▶ [EXERCISE PROMPT] Can you transcribe every entry word for word, skipping the images?

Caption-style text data

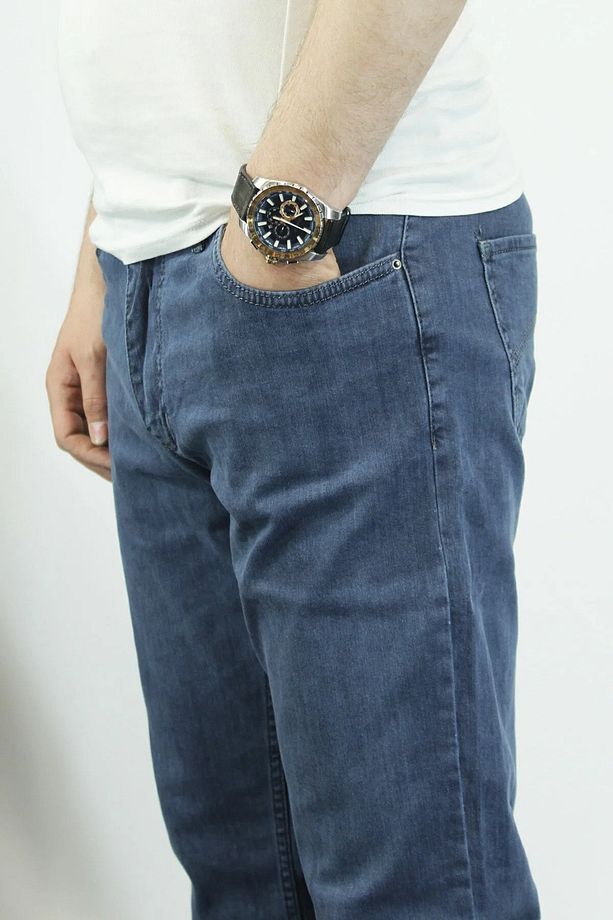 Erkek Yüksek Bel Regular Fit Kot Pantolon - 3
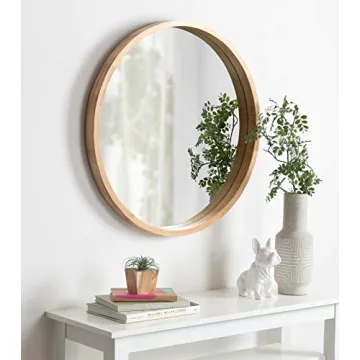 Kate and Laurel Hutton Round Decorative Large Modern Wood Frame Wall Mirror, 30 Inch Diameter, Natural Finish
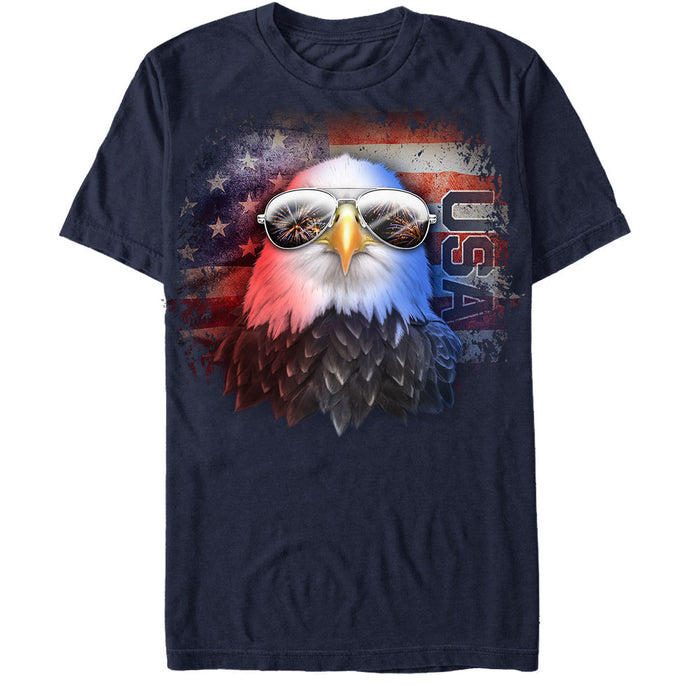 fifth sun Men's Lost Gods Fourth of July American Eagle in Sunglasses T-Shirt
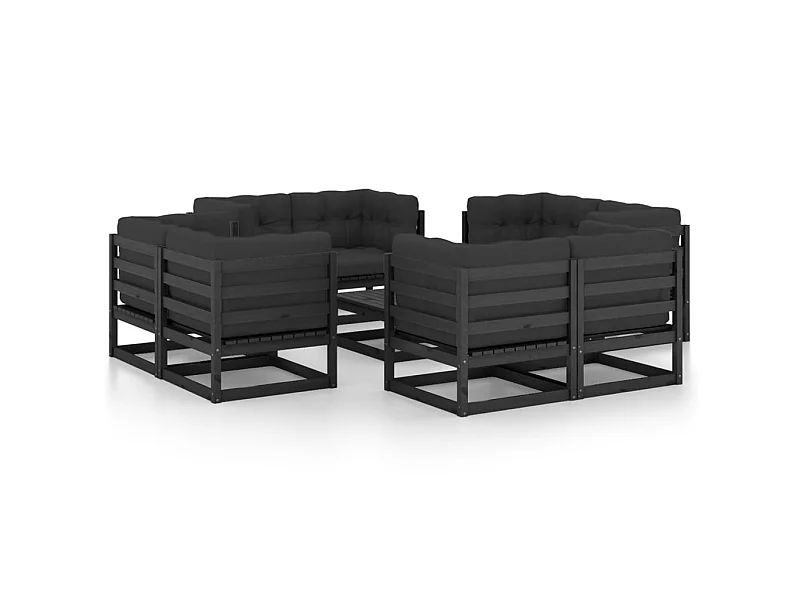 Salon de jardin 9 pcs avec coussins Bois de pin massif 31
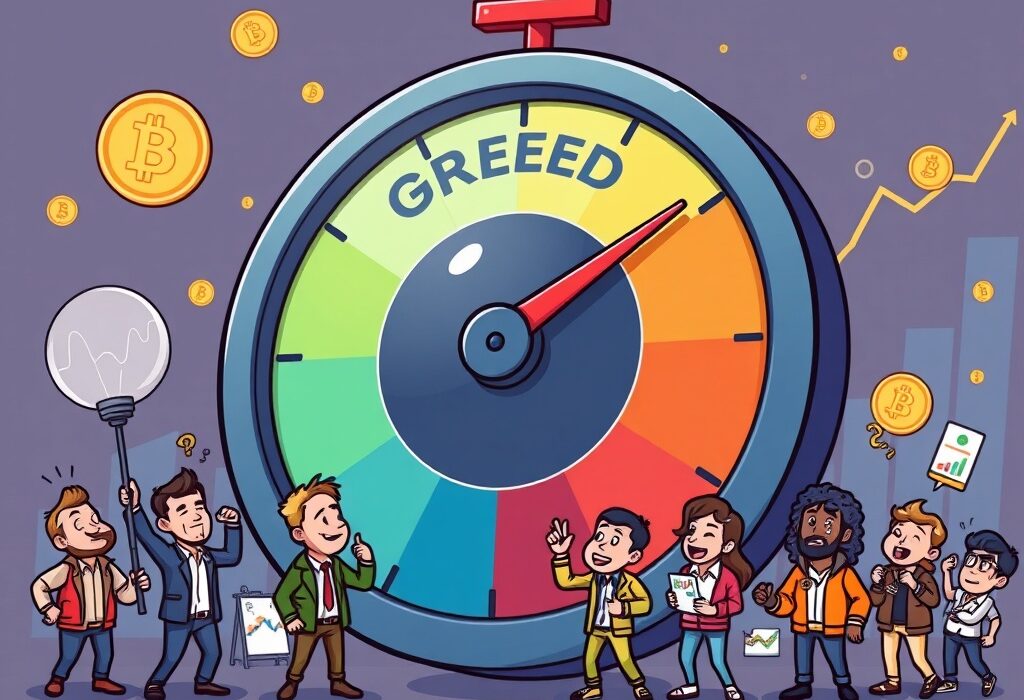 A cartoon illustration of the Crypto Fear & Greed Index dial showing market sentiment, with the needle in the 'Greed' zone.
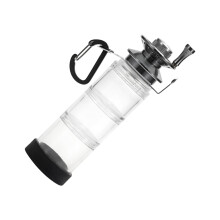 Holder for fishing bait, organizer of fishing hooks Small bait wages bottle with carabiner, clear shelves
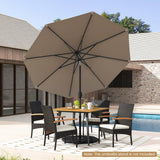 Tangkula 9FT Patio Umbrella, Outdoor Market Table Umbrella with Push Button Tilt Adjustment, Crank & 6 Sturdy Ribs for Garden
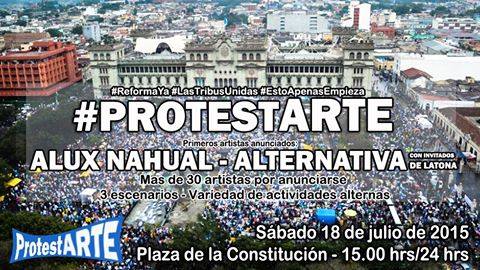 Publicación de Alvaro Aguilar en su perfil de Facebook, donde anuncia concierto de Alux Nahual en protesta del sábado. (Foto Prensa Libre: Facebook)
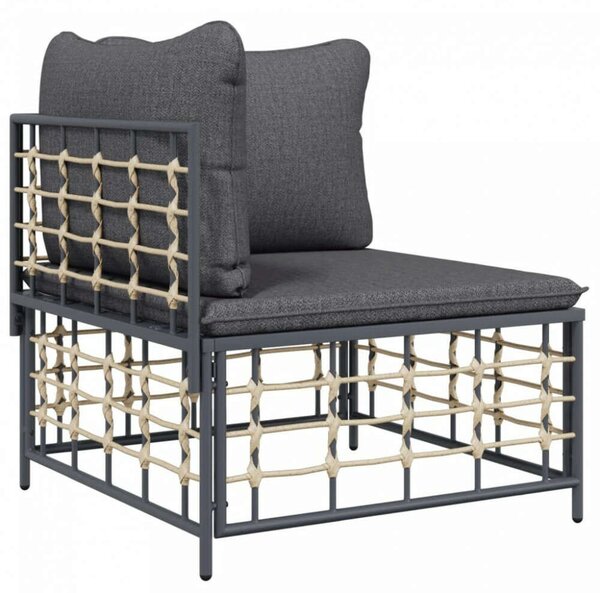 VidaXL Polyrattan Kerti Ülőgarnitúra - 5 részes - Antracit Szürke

▶ [OUTPUT BELOW]
 Erkek Yüksek Bel Regular Fit Kot Pantolon - 3
 Kate and Laurel Hutton Round Decorative Large Modern Wood Frame Wall Mirror, 30 Inch Diameter, Natural Finish
 fifth sun Men's Lost Gods Fourth of July American Eagle in Sunglasses T-Shirt
 Salon de jardin 9 pcs avec coussins Bois de pin massif 31
 A cartoon illustration of the Crypto Fear & Greed Index dial showing market sentiment, with the needle in the 'Greed' zone.
 Holder for fishing bait, organizer of fishing hooks Small bait wages bottle with carabiner, clear shelves
 Tangkula 9FT Patio Umbrella, Outdoor Market Table Umbrella with Push Button Tilt Adjustment, Crank & 6 Sturdy Ribs for Garden
 Publicación de Alvaro Aguilar en su perfil de Facebook, donde anuncia concierto de Alux Nahual en protesta del sábado. (Foto Prensa Libre: Facebook)
 VidaXL Polyrattan Kerti Ülőgarnitúra - 5 részes - Antracit Szürke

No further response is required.